------ Data for review ------

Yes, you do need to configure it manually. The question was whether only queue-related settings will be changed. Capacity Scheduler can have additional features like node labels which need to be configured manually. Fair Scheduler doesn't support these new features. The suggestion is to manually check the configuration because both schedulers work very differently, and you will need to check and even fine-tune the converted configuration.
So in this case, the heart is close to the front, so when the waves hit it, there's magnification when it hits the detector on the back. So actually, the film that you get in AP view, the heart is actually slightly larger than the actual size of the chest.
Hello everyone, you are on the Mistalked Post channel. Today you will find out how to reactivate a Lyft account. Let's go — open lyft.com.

------
------ Data for review ------

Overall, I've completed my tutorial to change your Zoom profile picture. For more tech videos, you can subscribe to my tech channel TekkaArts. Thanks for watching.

------

Copy out every line of the material above that mentions the word "will".

(Written response):
Yes, you do need to configure it manually. The question was whether only queue-related settings will be changed. Capacity Scheduler can have additional features like node labels which need to be configured manually. Fair Scheduler doesn't support these new features. The suggestion is to manually check the configuration because both schedulers work very differently, and you will need to check and even fine-tune the converted configuration.
Hello everyone, you are on the Mistalked Post channel. Today you will find out how to reactivate a Lyft account. Let's go — open lyft.com.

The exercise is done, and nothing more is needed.